Why the Apple Watch Is a Boon for the Middle Class

March 9, 2015 Updated: March 13, 2015

Apart from being attached to your wrist, one of the most unique features of the Apple Watch that distinguishes it from previous Apple products is its extreme price segmentation. The basic Sports Watch with a rubber strap starts at $349, with the price rising all the way up to $17,000 for an Apple Watch Edition, plated with 18-carat gold; mid-range stainless steel edition prices are from $549 to $1099.

The Apple Watch is seen as Apple’s entry into the luxury goods market, a move decried by some as injecting status competition that previously didn’t exist in the tech gadget ecosystem.

“Well, iPhone users: welcome to the world of gadget-based class anxiety.
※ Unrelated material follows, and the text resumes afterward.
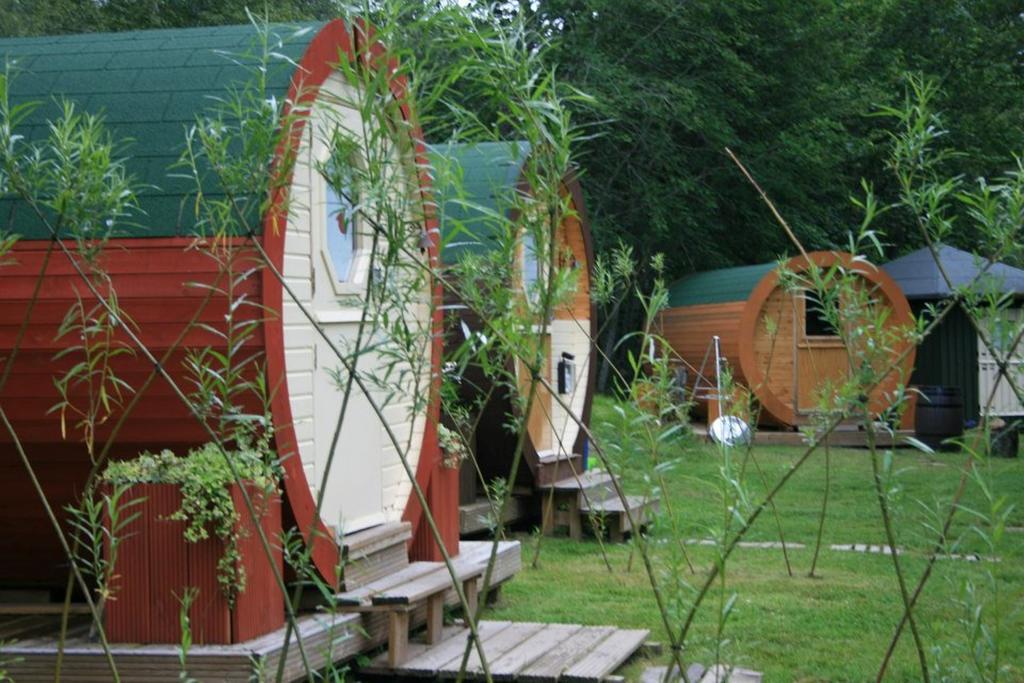 Bcc Lochness Hostel Pods Bearnock Room photo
Today’s Apple Watch announcements will introduce devices you can’t afford, with features you’ll never be able to get,” wrote Fusion’s Kevin Roose.

Even as the Apple Watch might inflict some psychological discomfort for Apple customers, the product will allow Apple to enlarge its share of the luxury goods market, which is ultimately good for its user-base because of Apple’s role as an innovator.

Those who would spend $17,000 on a watch that will probably be replaced in a year or two will dispense with their wealth on luxury goods one way or another, and if they don’t spend it on the latest gadgets from Silicon Valley, they’ll likely pick up an alternative like a Rolex.

The difference between Apple and Rolex is that the former has been a relentless innovator that’s willing to reinvest its profits into making products for a large, middle-class user base, coming out with new products in regular cycles. The larger the share of luxury consumer goods sold by Apple, the more revenue from that markets goes into exploring inventions that benefit everyone. 

Moreover, prices for Apple Watch will naturally decline when it’s no longer a novelty item for early adopters and the product brand expand downstream. When the iPhone was introduced in 2007, then Microsoft CEO Steve Ballmer said that at $500 after being subsidized with a cellular plan, it was far too expensive to be successful. At Apple’s Spring Forward event on Monday, CEO Tim Cook said that the company has sold 700 million iPhones since its launch.

Indeed, on Monday Apple unveiled plans to enter the field of healthcare, partnering with leading institutions around the world to design apps that would make it easier for patients to generate data that could be useful for medical researchers trying to find better ways to tackle diseases like Parkinson’s and asthma.